Oncle Gérard
Pourquoi ai-je attendu si longtemps pour rendre hommage à un homme que j'ai tellement admiré? "Oncle Gérard", c'est ainsi que nous l'appelions, nous les enfants de la petite communauté d'amis qui se réunissaient, lorsque j'étais encore haute comme trois pommes, quasiment tous les week-ends dans un cadre idyllique : le château de Fromonville, sur la toute petite commune de Moncourt en Seine-et-Marne. "Oncle Gérard" avait loué le château à la châtelaine pour quelques années et il y invitait tous ses amis, dont mes parents faisaient partie.
Nous, les enfants de cette joyeuse bande, vivions des week-ends de rêve dans un parc qui donne sur le canal du Loing. C'est l'époque des courses d'escargots, de l'apprentissage du vélo, des jeux de piste et balades à la recherche de toutes les curiosités de la nature. Quant aux parents, ils se mettaient en groupe pour aller monter à cheval, faire une partie de tennis ou un bridge, ou encore pour aller faire les courses ou aider la brave Mme Paula à préparer à manger pour tout ce monde. Mais tout le monde se retrouvait le soir pour faire la fête, parfois costumée ou sous les feux d'artifice.
Photo : The Rigpa Journal http://www.viewmagazine.org/index.php/articles/tibet/198-gerard-godet.html
Le vrai nom d'oncle Gérard, c'est Gérard Godet. A Fromonville, nous retrouvions souvent ses nièces Leïla (son père, décédé, était le frère de Gérard) et Diane, avec qui nous faisions les 400 coups et c'est d'ailleurs parce qu'elles l'appellaient "oncle Gérard" que nous en faisions autant. Du personnage, nous ne voyions que l'homme en vacances, gentil, souriant, simple et généreux, toujours prêt à faire le bien autour de lui et non le polytechnicien brillant qu'il était en semaine. Il semblait très attiré par l'Inde car je me rappelle, entre autres, qu'il avait fait venir des musiciens et des danseuses d'Inde pour nous divertir. Il s'intéressait à des approches alternatives de la médecine et avait parmi ses amis le docteur Leboyer, qui a fait parler de lui avec sa méthode pour accoucher sans violence.

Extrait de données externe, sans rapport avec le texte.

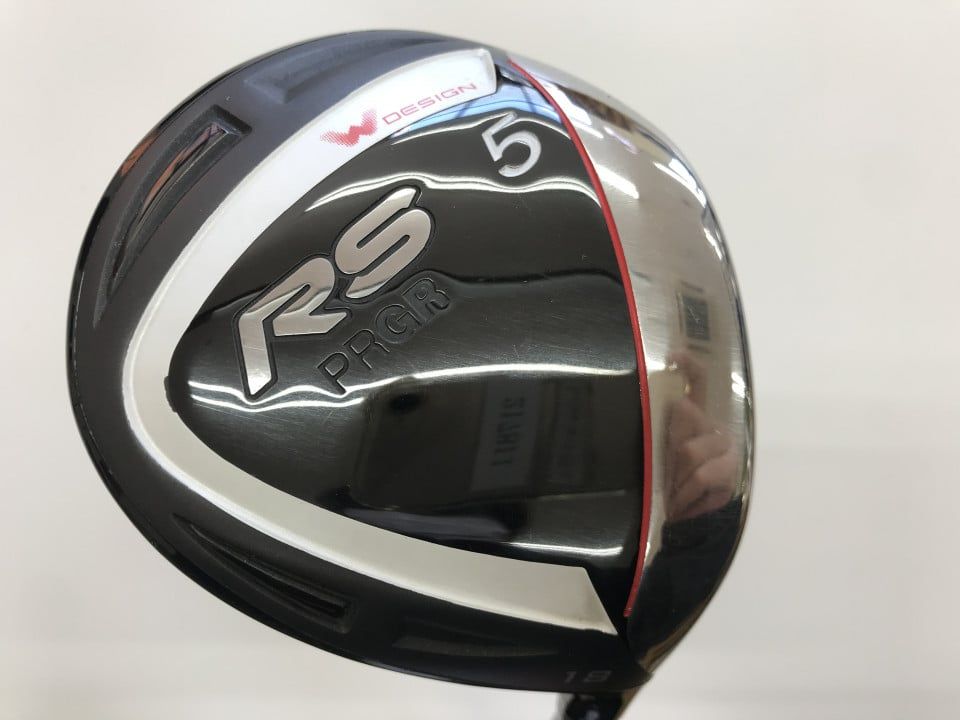 【即納】RS 2018 | 18 | SR | Diamana for PRGR | 中古 | フェアウェイウッド | プロギア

En réalité, je n'ai appris que bien plus tard -le château avait déjà été revendu par sa propriétaire à la Mairie pour en faire l'Hôtel de Ville de Moncourt- que Gérard avait fondé un Ashram (monastère bouddhiste) quelque part en Dordogne ou dans les Cévennes. Et je ne l'ai revu qu'une fois depuis, lors d'une fête donnée par l'une de ses nièces à Paris. Il rayonnait de bonté et de chaleur humaine et avait toujours cette façon de s'exprimer souriante et amusée. Un de mes frères m'a dit qu'il était considéré, dans son monastère, comme la réincarnation d'un grand lama.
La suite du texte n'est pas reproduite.